16 N.Y.S. 578 | N.Y. Sup. Ct. | 1891
Lead Opinion
We think this judgment must be reversed, because no contract was ever completely made between the plaintiff and the defendant Patrick for the purchase.and sale of the premises. On the 14th of January, 1885, the plaintiff sent by one Truesdell to the defendant Patrick a writing signed by herself, as follows:
“I, Edwin L. Patrick, hereby agree to sell, and Jennie K. Hamilton agrees to buy, for two hundred dollars, the following described premises, located in the town of Caldwell, county of Warren, and state of New York, viz.: [Here follows a description.] A deed of said premises, with the usual full covenants of warranty, etc., in which deed the wife of said Edwin L. Patrick shall join, is to be executed and delivered to said Jennie K. Hamilton on or before March first, 1885, at which date said money shall be paid. This contract is to bind the heirs, executors, and administrators of each party.

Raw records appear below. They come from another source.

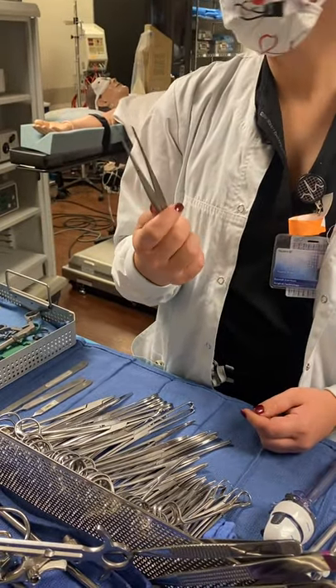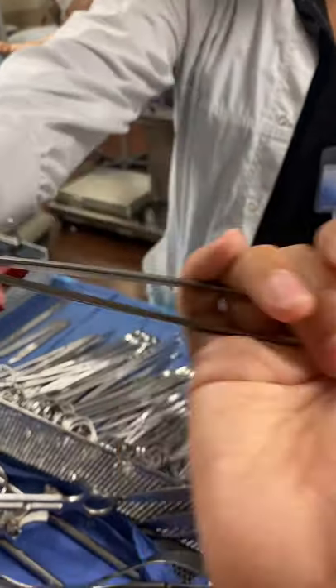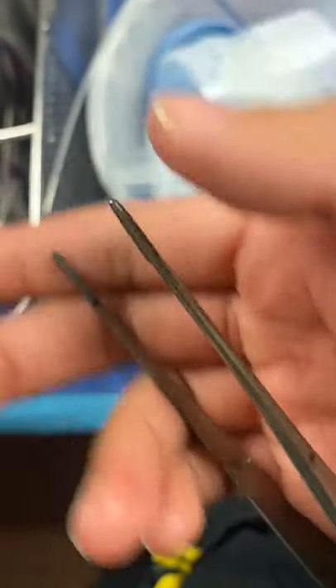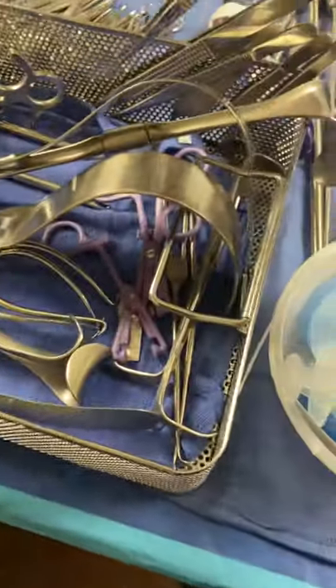So we have one — fishing forcep. Fishing forcep. Good job. That's everything, yeah? And then you guys are counting it, because in the actual OR you'll count those all by name as well.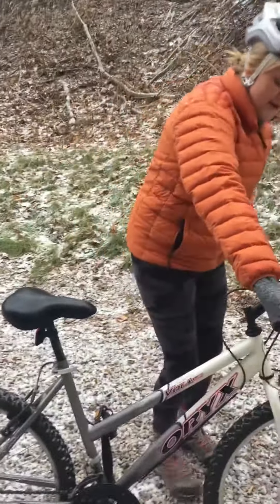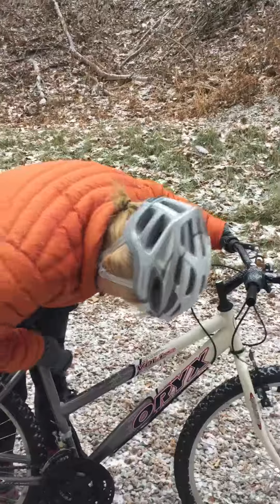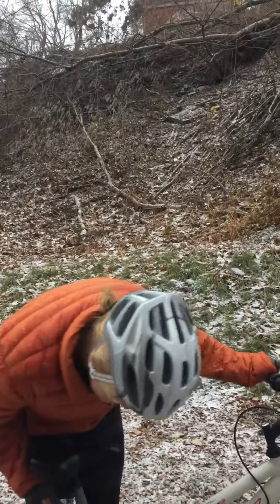Alright, now I'm going to explain it in three key points. The first point: you want to open your adjuster, wiggle your seat up, and then lock it.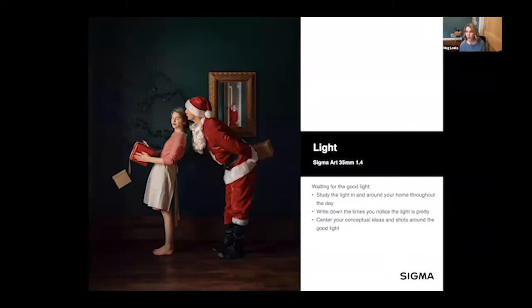One tip is to wait for good light. Study the light in and around your home throughout the day — it changes hour by hour, day by day, and season by season. I have favorite rooms I like to shoot in, and I write down the times when I notice the good light and circle back to it. Writing things down makes a huge difference; it helps me stay inspired and motivated.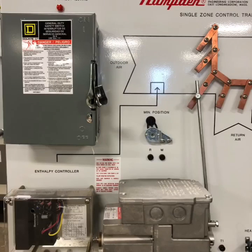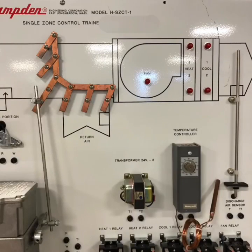Here's a closer shot of some of the components. You can see the disconnect, the actuator, the actuator arm, where that arm attaches to our simulated damper, and the enthalpy controller. Here's a better view of that damper. You can also see our indicator lights for our blower, and reheat coils one and two.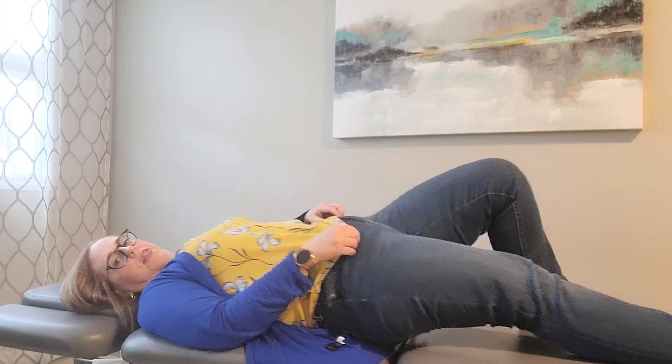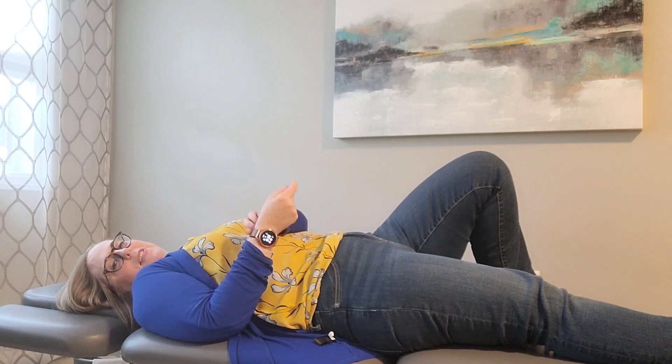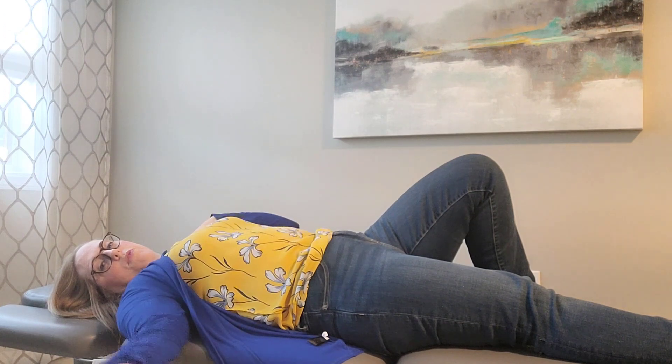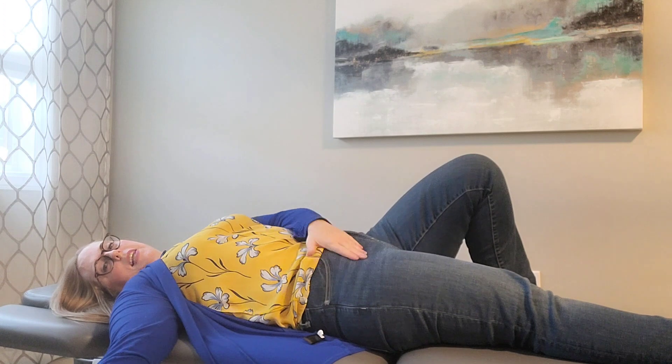So it'll look like this. Because I'm looking at the camera it's reversed. My left leg is bent and my left arm is bent. My right arm is out straight, and so is my right leg.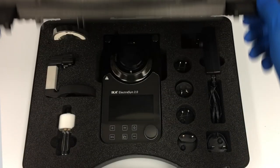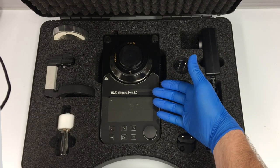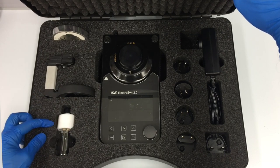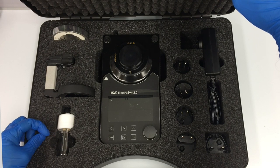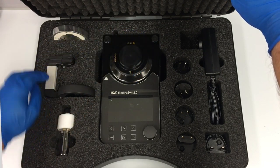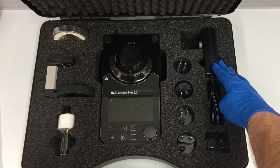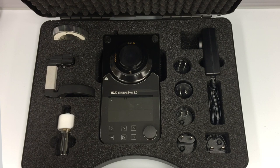Unlatching the latches here, what's included is first the Electrosyn 2.0 main unit. We also have a vial that includes the vial cap, electrode holders, and two graphite electrodes. We have the holster that holds the vial to the Electrosyn and screws on via the bayonet attachment. We have the stir bar attachment accessory, and on the right hand side we have the power supply with a variety of different power adapters depending on where you're going to use the Electrosyn in different parts of the world.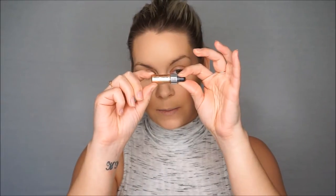I'll go in with the same CoverFX Custom Enhancer Drops in the shade Moonlight that we mixed into the foundation. Using a mini damp Beauty Blender, I just lightly bounce it into the skin for that highlighted glow.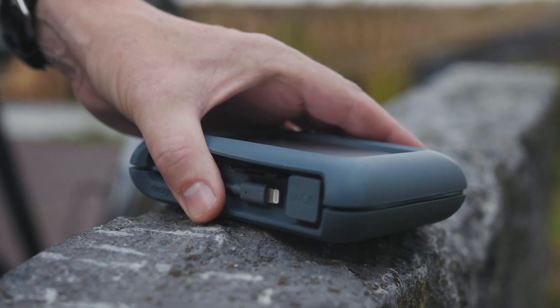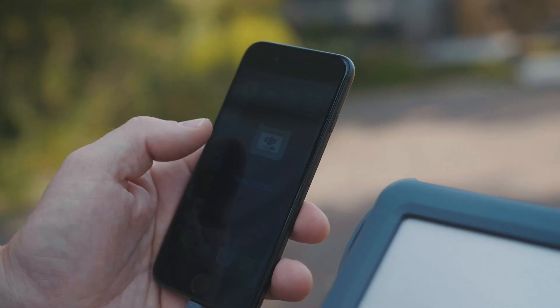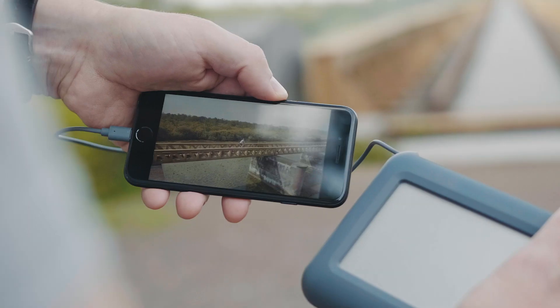With the LACIDE DJI Co-Pilot, we can make a backup instantly because it has an integrated SD card slot as well as various other USB ports.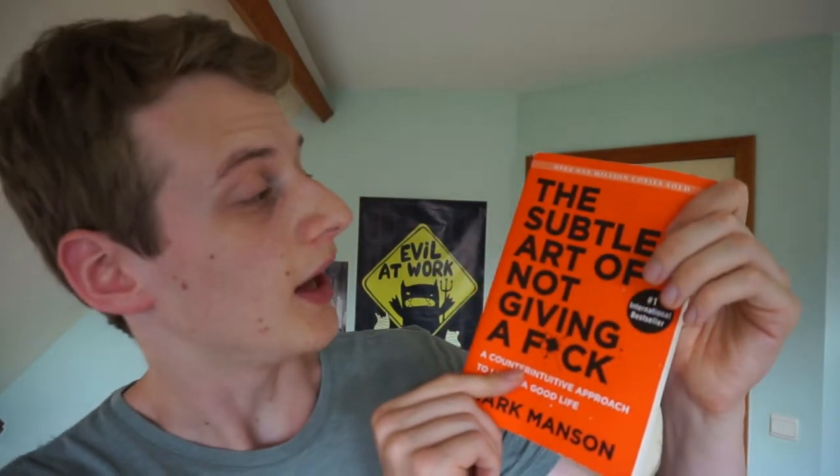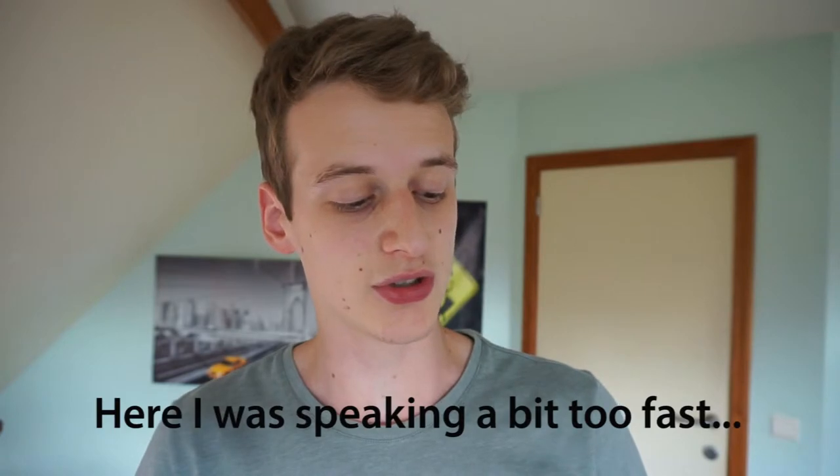The Subtle Art of Not Giving a Fuck by Mark Manson. Let's start with the design and cover. Mark Manson is a blogger - I'll put the link to his blog in the description. You really notice that in the book, for example with the title. It's very catchy because the internet is filled with distractions and you need to catch the attention of your readers. It caught my attention as well, and you also notice his blogger background in his writing style.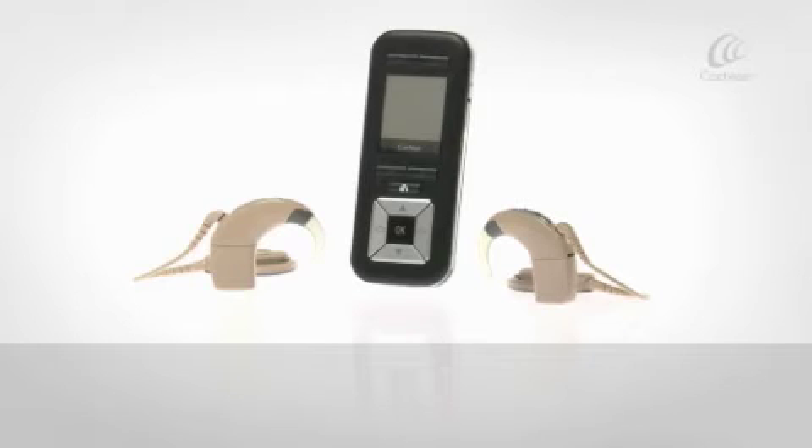If you are a bilateral recipient, your remote assistant can be used to control both processors.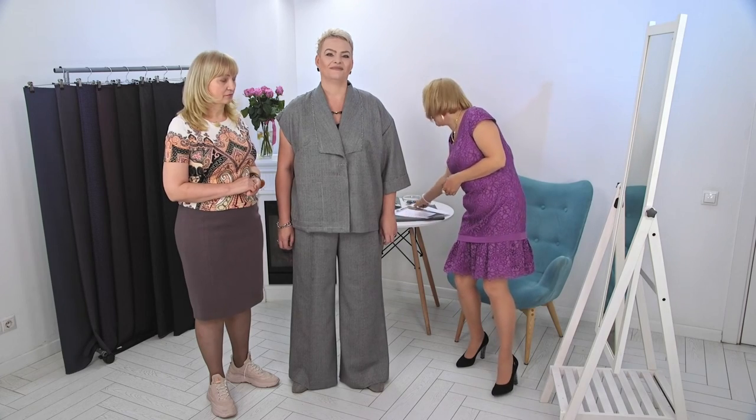Hello and welcome to the Global Fashion Workshop channel. We release a new video three times a week. Our special guest today is Anna and Svetlana. Svetlana is going to show you how to do the fitting properly. I'll have a seat and write down the information — I have my notebook and a pen. Sveta and Anna will turn to the mirror now and tell you everything.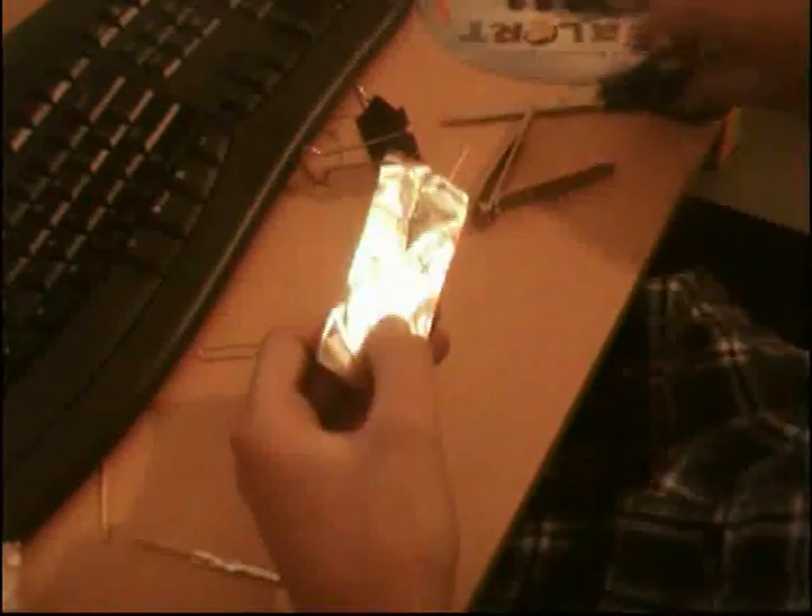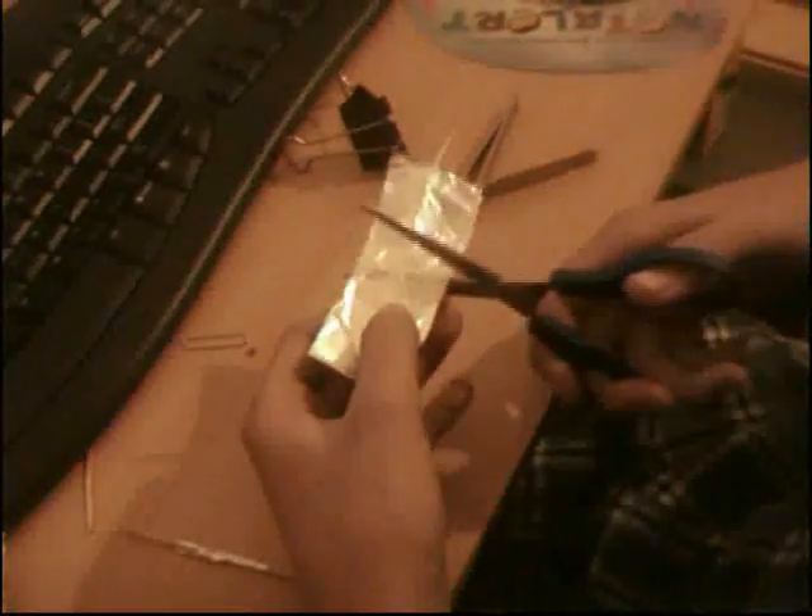What we do is you need a one inch by two inch piece of foil, which is a little bit too long, so we're just going to cut that now. And there we have our strip.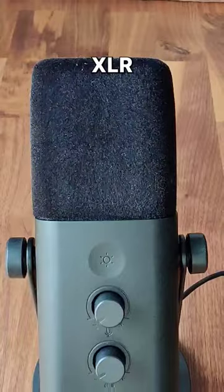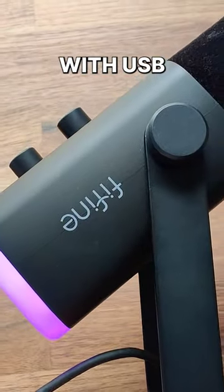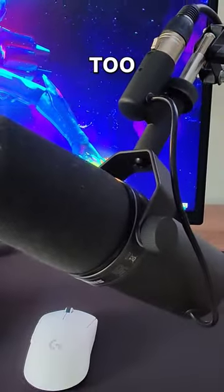Since it takes USB and XLR, you can actually evolve your setup without having to upgrade your microphone each time. You can start with USB, then you can get a mixer and move to XLR, and then finally if you want to upgrade the microphone you can do that too.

“Dated January 14,1885. Jennie IC. Hamilton.”
The defendant Patrick received the writing, and added thereto at the bottom thereof the following, and signed the same, and delivered it to Truesdell for the plaintiff:
“I sign this contract with the consideration that you agree to build all of the line fence on said south line, running from said road described above' to the shore of Lake George, so that I have no expense.
“E. L. Patrick.
It was not necessary that the plaintiff should sign the contract as modified by the addition made to it by Patrick. Justice v. Lang, 42 N. Y. 493; McCrea v. Purmort, 16 Wend. 465. But it was necessary that the plaintiff should in some way assent to it in its modified form; otherwise there would be no meeting of the minds of the parties; and it was necessary that she should communicate that assent or acceptance to Patrick within a reasonable time, or place the notice of assent or acceptance in the proper way of reaching him within a reasonable time. White v. Corlies, 46 N. Y. 467. The court said in the case cited: “ Where the offer is made by one party to another when they are not together, the acceptance of it by that other must be manifested by some appropriate act. * * * A mental determination, not indicated by speech, or put in course of indication by act to the other party, is not an acceptance which will bind the other. ” An acceptance not thus communicated to the proposer or his agent does nob make a contract. Railroad Co. v. Dane, 43 N. Y. 240; Pol. Cont. 26; Mclver v. Richardson, 1 Maule & S. 557; Mozley v. Tinkler, 1 Cromp. M. & R. 692; Russell v. Thornton, 4 Hurl. & N. 788.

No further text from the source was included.